All of the data that follows should be retyped exactly, please, except the pictures.

BEGIN Dataset extract

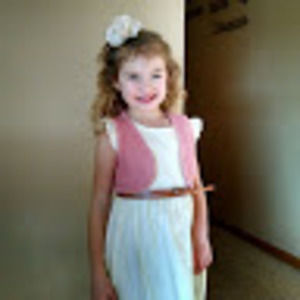 Meet your Posher, Tiffany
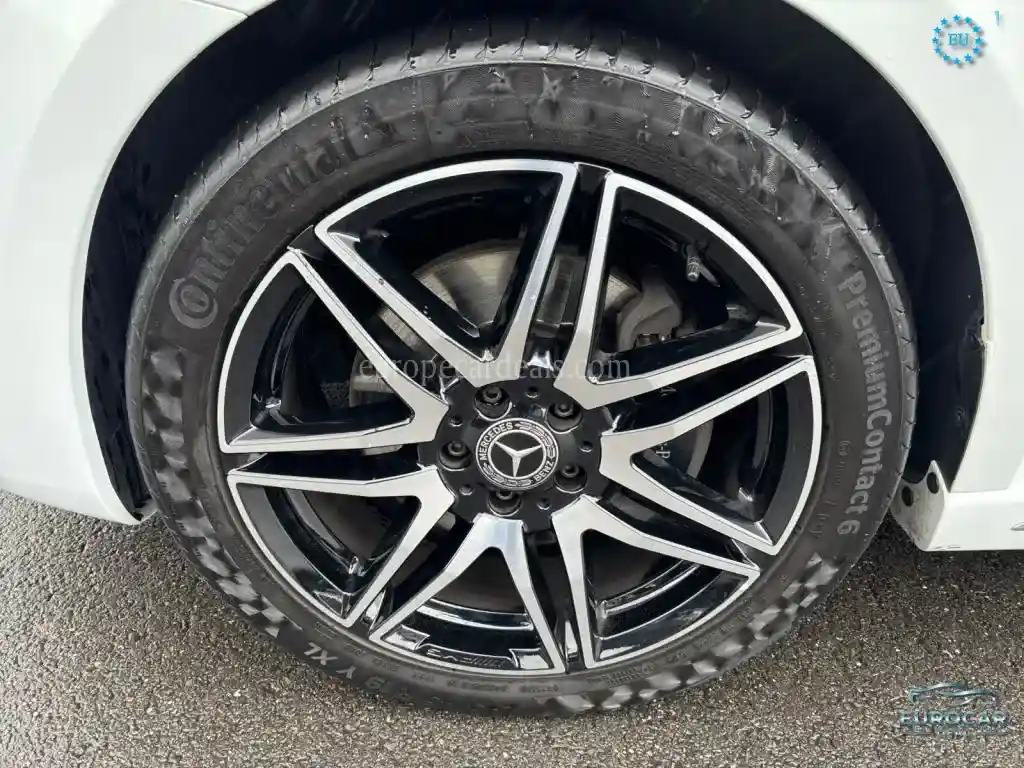 Mercedes-Benz V 300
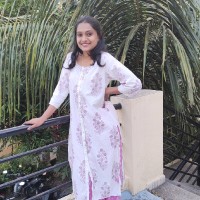 Vaishnavi Gurav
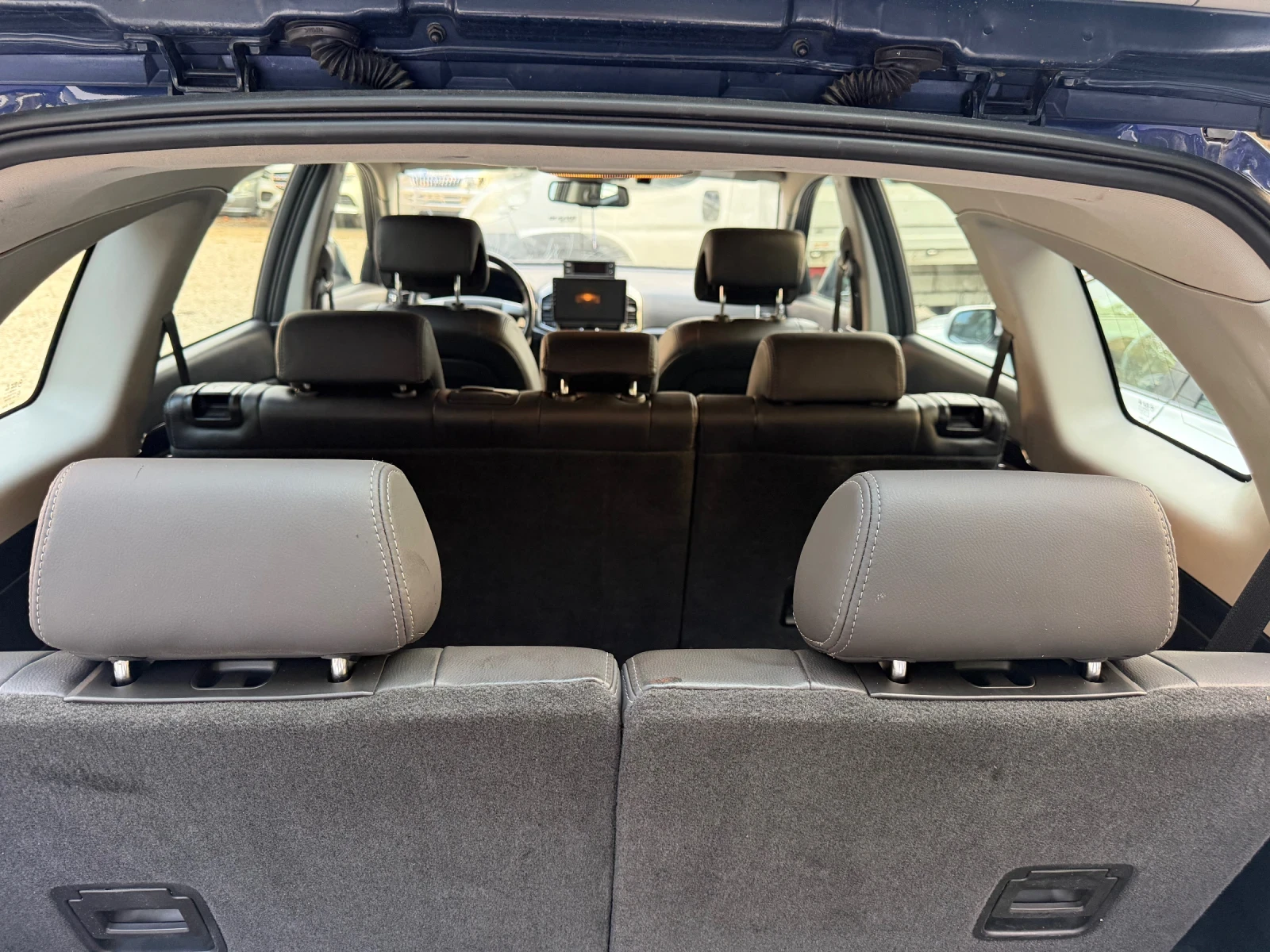 Chevrolet Captiva 2.2CDTI, 145.000km , 6+ 1 | Mobile.bg   11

END Dataset extract

Result below:
 Meet your Posher, Tiffany
 Mercedes-Benz V 300
 Vaishnavi Gurav
 Chevrolet Captiva 2.2CDTI, 145.000km , 6+ 1 | Mobile.bg   11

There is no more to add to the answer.